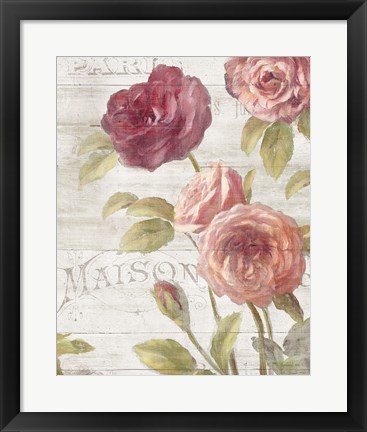 Framed French Roses III Print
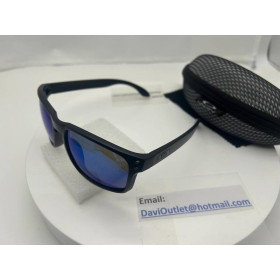 Oakley Unisex Holbrook Black Frame Blue Lens Rectangular 55mm Polarized Sunglasses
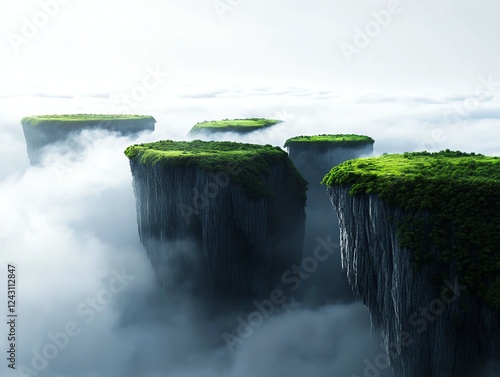 A gravitydefying floating canyon where islands drift slowly, revealing glimpses of unknown realms below photo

◆ ◆ ◆

• [What you will do]:
Only the pictures are to be left out; the rest of the material above should be printed verbatim.

• [Solution to this exercise]:
 Framed French Roses III Print
 Oakley Unisex Holbrook Black Frame Blue Lens Rectangular 55mm Polarized Sunglasses
 A gravitydefying floating canyon where islands drift slowly, revealing glimpses of unknown realms below photo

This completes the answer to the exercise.